Innovative Diagnosis and Therapy in LDLT Patients With High-risk Hepatocellular Carcinoma

Inclusion Criteria

• Targeted therapy is acceptable within 1-2 months after liver transplantation.

• Immunosuppressive regimen consists of calcineurin inhibitor, mycophenolate mofetil and sirolimus.

• All male and female participants must take reliable contraceptive measures during the trial and within four weeks after the end of the trial.

• The definition of high-risk patients:

• The PET scan is positive before LDLT;

• Tumors beyond USCF criteria

• Poorly-differentiated tumor;

• The patients who has poor AFP response (<15%)or AFP>400 ng/ml after LRT after conventional LRT (RFA、PEI or TACE)

Exclusion Criteria

• Life expectancy is less than 3 months

• Patients are with other malignant tumors simultaneously.

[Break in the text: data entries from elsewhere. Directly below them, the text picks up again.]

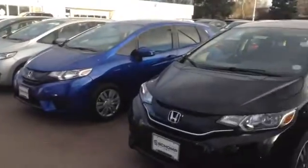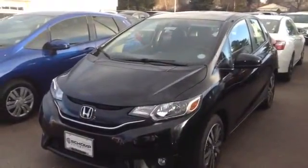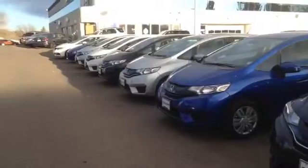We have a great selection. We've got some here and on our holding lot, not far away. We can certainly get you just what you're looking for. We're the largest Honda dealer in the Rocky Mountain region, so I'm confident we can help accommodate your goals.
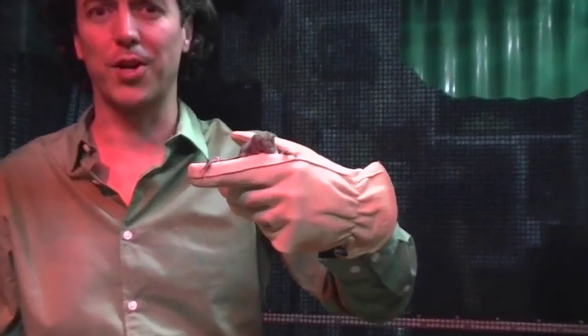I'm inside the vampire bat enclosure and we've got about 30 different vampire bats here — common vampire bats. There are three species of vampire bats, and this one feeds off of cows. They live in Central and South America and they rarely ever go up to people. They feed at night.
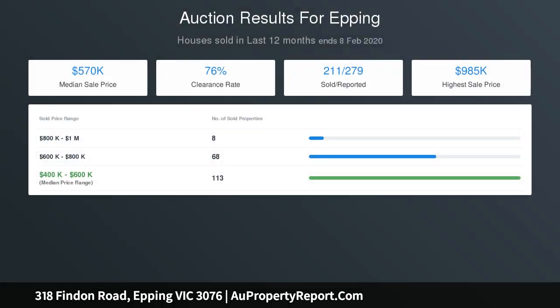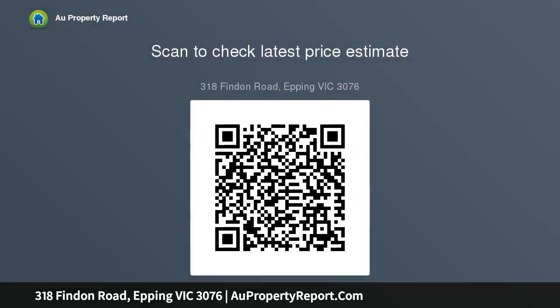Other features include ducted heating and evaporative cooling, automatic security roller shutters, LED lights throughout, home security alarm, gas hot water system, and storage shed. All this is moments away from Westfield Plenty Valley, Epping Plaza Shopping Centre, Costco, Epping Hub, and Epping North Shopping Centre.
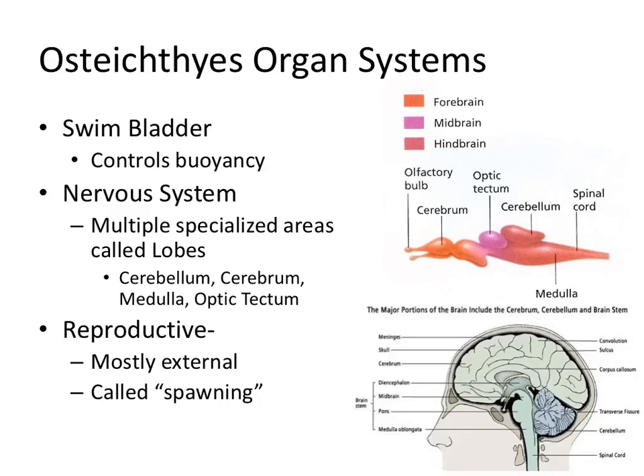Finally, a bit about the reproductive system. Fish mostly use external reproduction, which we call spawning. The female lays eggs, sometimes in a nest, and the male comes and disperses his gonads around the eggs — that's how fertilization is achieved. And with that, we are done with this set of notes.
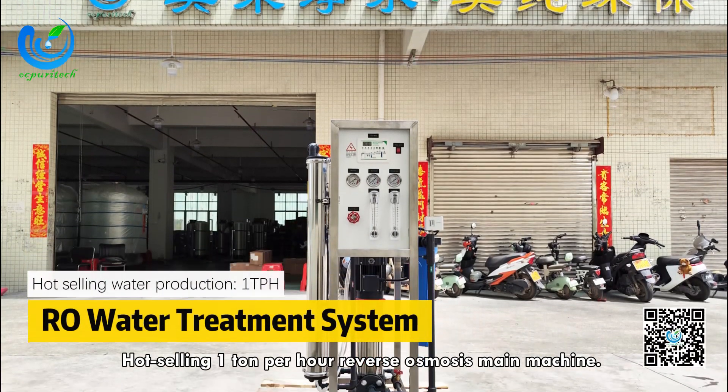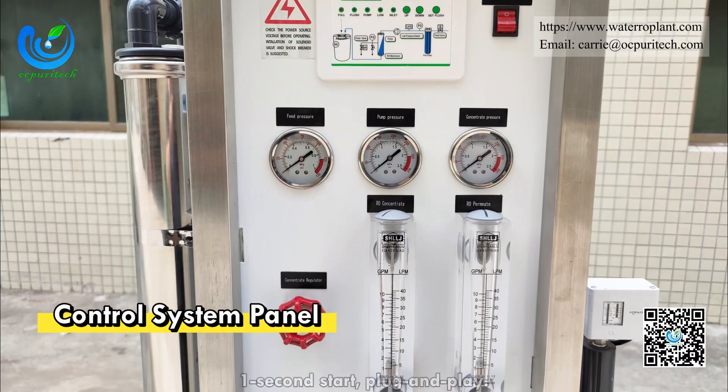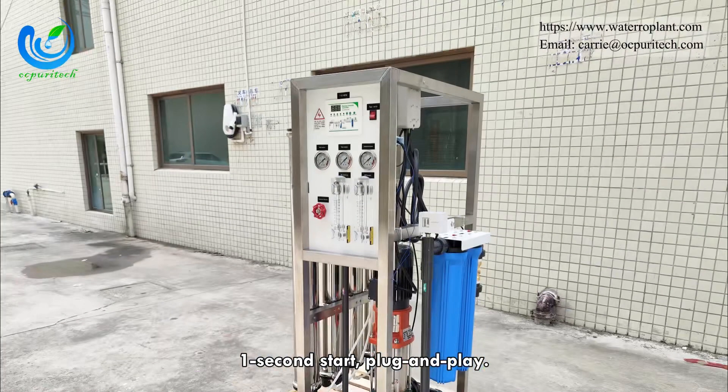Hot selling one ton per hour reverse osmosis main machine. One second start, plug and play.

• Patients are anaphylaxis to the inactive ingredients of lenvatinib or drugs.

• Pregnant or lactating women (Female participants need pregnancy test within 7 days before treatment).

• Preoperative history of severe cardiovascular disease: congestive heart failure > NYHA grade 2; active coronary heart disease (myocardial infarction occurred within 6 months before entry into the study); severe arrhythmia requiring antiarrhythmic treatment (allowable use of beta-blockers or digoxin); uncontrolled hypertension.

• History of HIV infection.

• Severe clinical active infections (> NCI-CTCAE version 3.0).

• Epilepsy patients requires medication (e.g. steroids or antiepileptic drugs).

• Patients with kidney diseases requires renal dialysis.

• Drug abuse, medical symptoms, mental illness or social status that may interfere with participants' participation in research or evaluation of research results.

• Patients who could not swallow oral drugs, such as those with severe upper gastrointestinal obstruction and need gastric tube feeding.